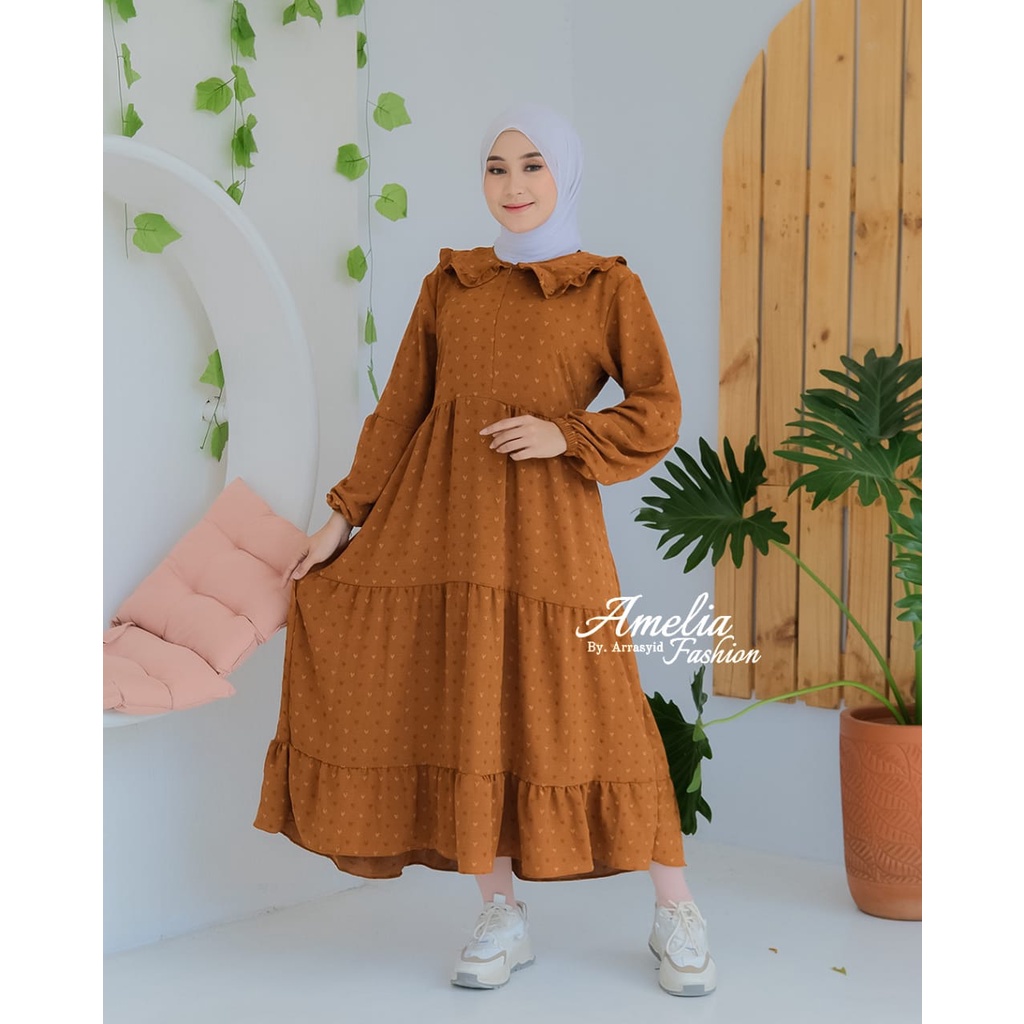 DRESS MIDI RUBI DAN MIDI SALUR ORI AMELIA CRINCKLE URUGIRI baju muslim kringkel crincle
* * *
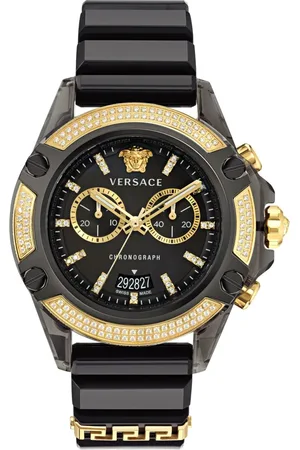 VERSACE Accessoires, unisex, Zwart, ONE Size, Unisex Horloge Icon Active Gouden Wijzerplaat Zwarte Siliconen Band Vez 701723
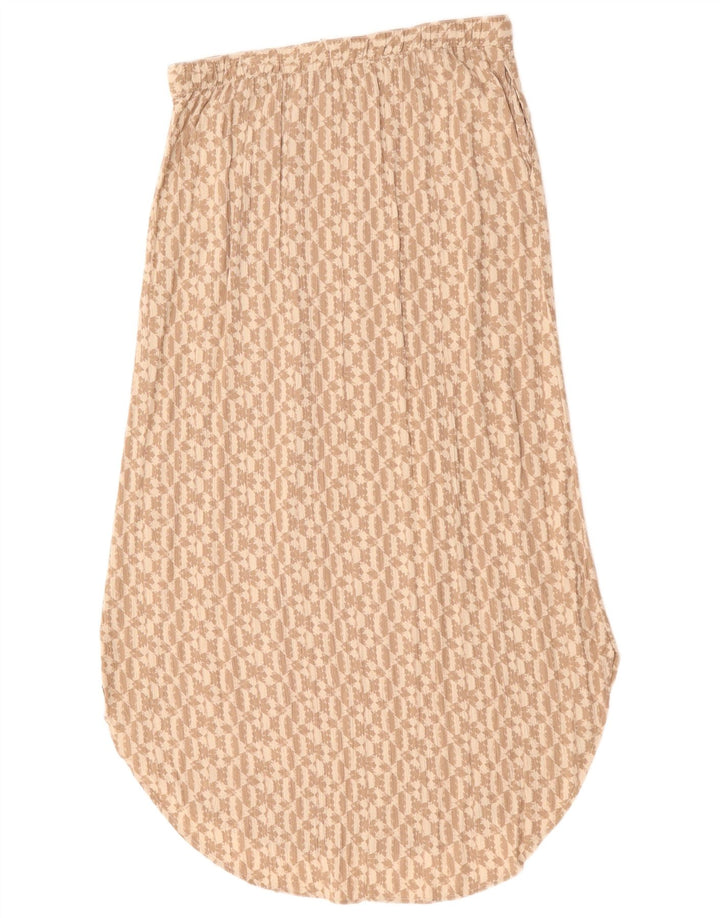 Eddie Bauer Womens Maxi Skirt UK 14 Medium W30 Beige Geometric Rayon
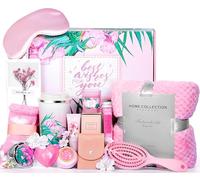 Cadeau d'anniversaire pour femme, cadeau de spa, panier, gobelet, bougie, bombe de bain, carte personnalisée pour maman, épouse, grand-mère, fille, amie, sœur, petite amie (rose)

■ **Assignment**: Repeat exactly the lines above, from the line that contains "VERSACE Accessoires, unisex, Zwart, ONE" down through the line that contains "Cadeau d'anniversaire pour". Include both of those lines and none of the pictures.

■ **Response area**:
 VERSACE Accessoires, unisex, Zwart, ONE Size, Unisex Horloge Icon Active Gouden Wijzerplaat Zwarte Siliconen Band Vez 701723
 Eddie Bauer Womens Maxi Skirt UK 14 Medium W30 Beige Geometric Rayon
 Cadeau d'anniversaire pour femme, cadeau de spa, panier, gobelet, bougie, bombe de bain, carte personnalisée pour maman, épouse, grand-mère, fille, amie, sœur, petite amie (rose)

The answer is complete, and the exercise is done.